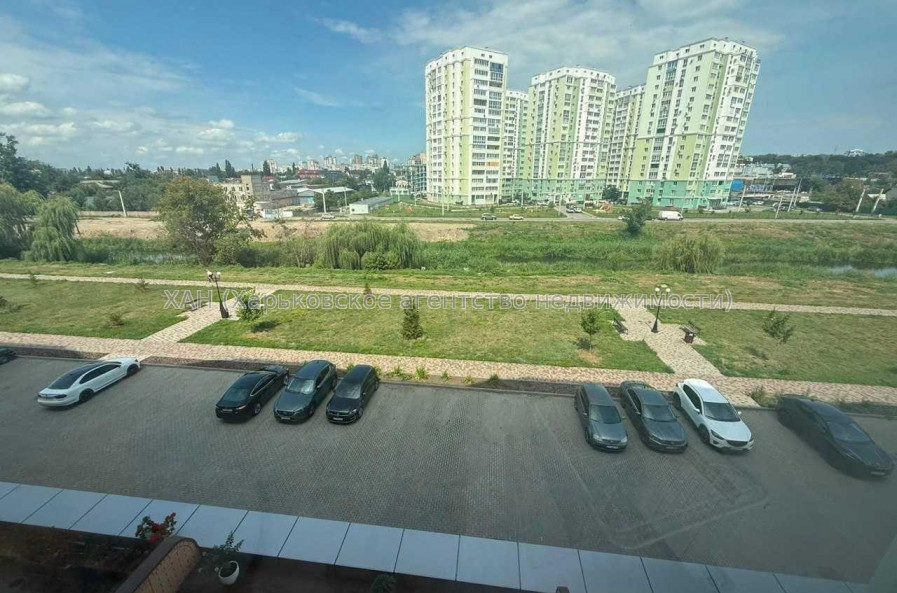 Продам квартиру, Лосевский пер. , 1  ком., 67 м², евроремонт 
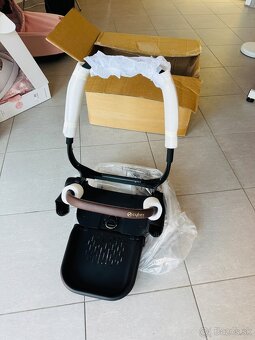 Cybex priam  rám sedadla rosegold a seatpack simply flowers - 2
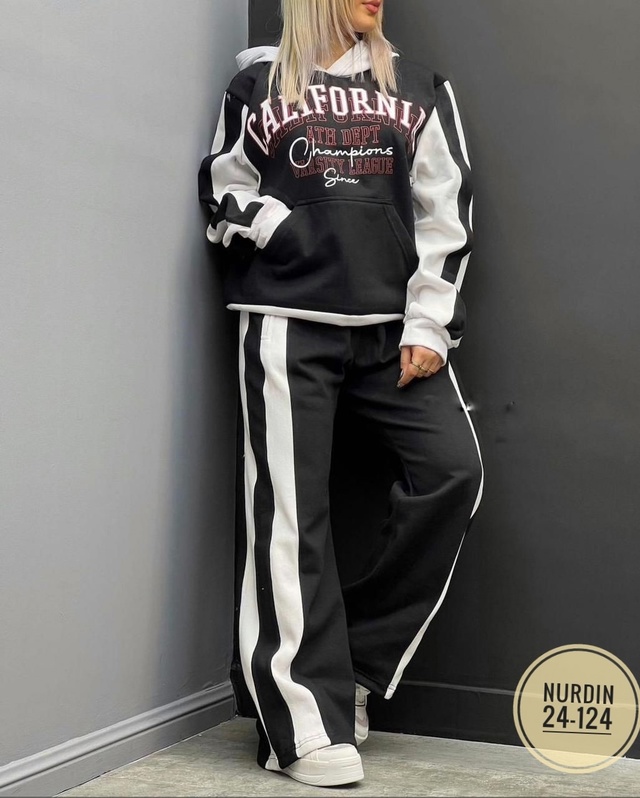 Спортивный костюм 23007612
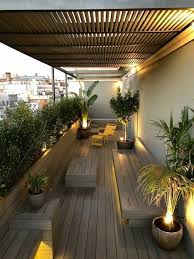 28 Schone Terrassenideen Mit Balkon Terrasse In 2020 Balkonentwurf Wohnung Balkon Dekoration Balkondekoration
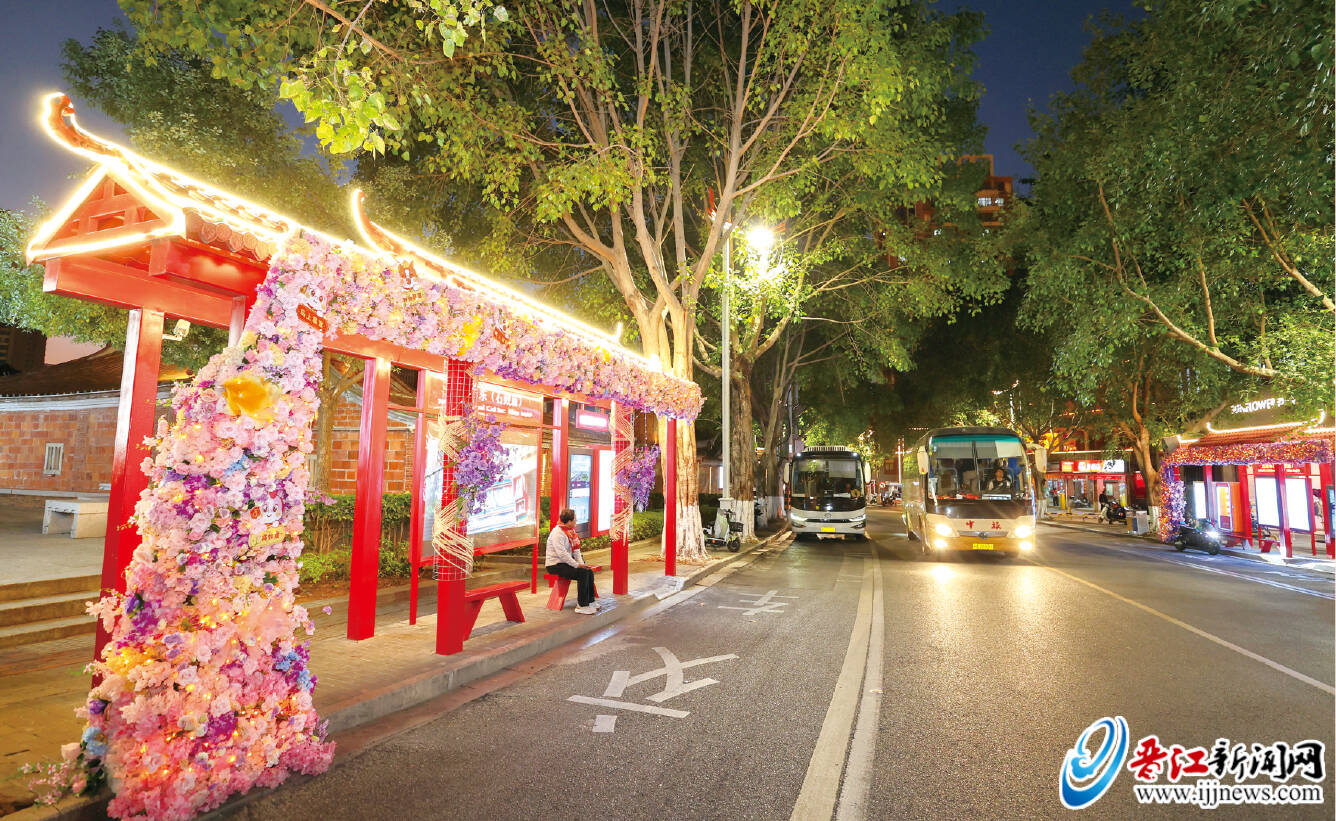 晋江五店市东公交站 “马跃新程 ”主题装饰走红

-*-

§ **WHAT TO DO**:
Reproduce all entries exactly. Pictures do not belong in the copy.

§ **OUTPUT**:
 Продам квартиру, Лосевский пер. , 1  ком., 67 м², евроремонт 
 Cybex priam  rám sedadla rosegold a seatpack simply flowers - 2
 Спортивный костюм 23007612
 28 Schone Terrassenideen Mit Balkon Terrasse In 2020 Balkonentwurf Wohnung Balkon Dekoration Balkondekoration
 晋江五店市东公交站 “马跃新程 ”主题装饰走红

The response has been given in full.